Aku mau katakan dengan kamu kalau kamu tidak perlu bertingkah seperti istriku karena aku yang tidak mencintaimu sama sekali, Bela. Dari dulu, aku begitu membenci kamu dan aku harap kamu tidak melupakan itu. Pernikahan ini adalah pernikahanku dengan Jessica, bukan dengan kamu. Jadi, jangan merasa bangga dan merasa jika kamu bisa mengaturku hanya karena status kamu saat ini. Ingat, kamu hanya pengganti dan bukan pengantin yang sebenarnya.
Aku sudah mencari Jessica. Aku mengerahkan semua anak buahku dan aku harap kamu pergi ketika dia kembali.
Bela yang mengingat kalimat Naga hanya diam, menatap cermin di depannya dengan raut wajah sendu. Terlihat jelas jika saat ini dia tengah bersedih. Dia yang baru saja menikah, tetapi sudah mendapat perintah untuk meninggalkan ketika sang kakak datang, pengantin yang sebenarnya dan wanita yang jelas dicintai Naga.

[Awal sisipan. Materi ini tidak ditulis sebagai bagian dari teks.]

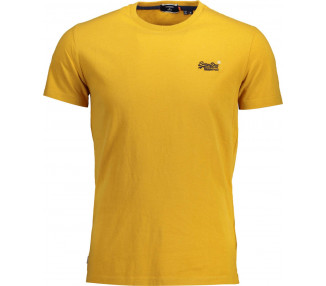SUPERDRY pánské tričko Barva: žlutá, Velikost: M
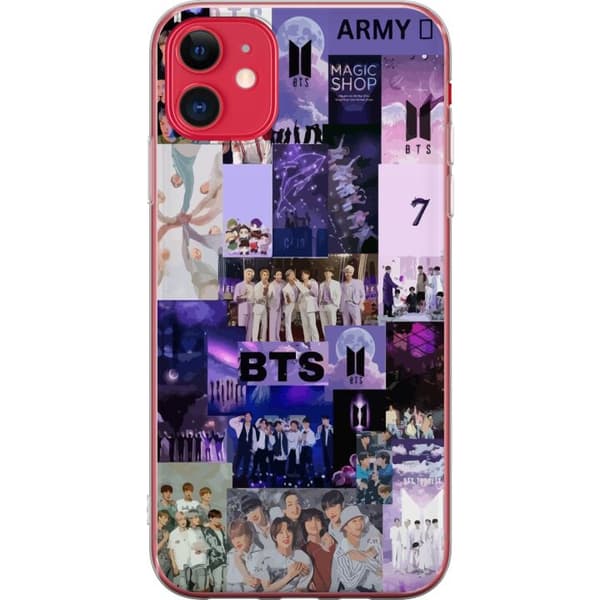 Kompatibelt Mobildeksel til Apple iPhone 11 BTS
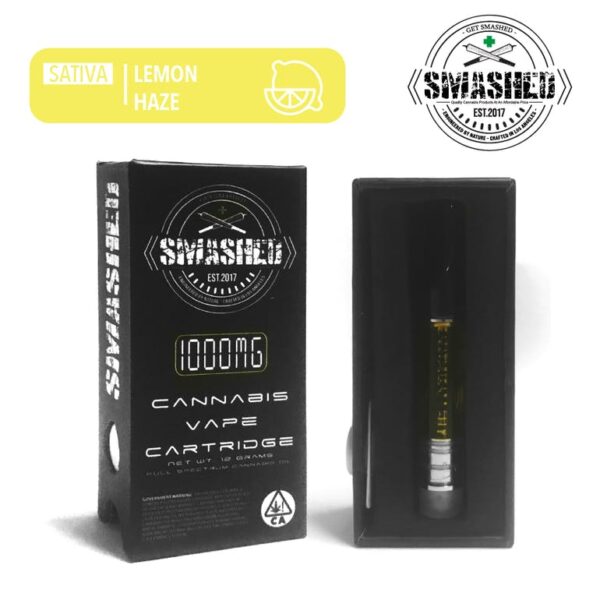 Lemon Haze Cartridge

Bela menarik napas dalam dan membuang perlahan, berusaha menenangkan hatinya yang mulai bergejolak. Bagaimana tidak? Kehidupannya mulai terasa hancur ketika dia menyetujui untuk menikah dengan Naga dan menggantikan sang kakak yang entah lari ke mana. Dia sendiri ingin sekali melayangkan protes, tetapi melihat kedua orang yang sudah merawat dan membesarkannya akan menanggung malu, Bela mengurungkan niat. Dia tidak ingin jika orang tuanya harus menanggung malu karena ulah sang kakak. Selain itu, dia juga merasa jika selama ini dia tidak melakukan apa pun untuk Aziek dan Sintia yang sudah merawatnya.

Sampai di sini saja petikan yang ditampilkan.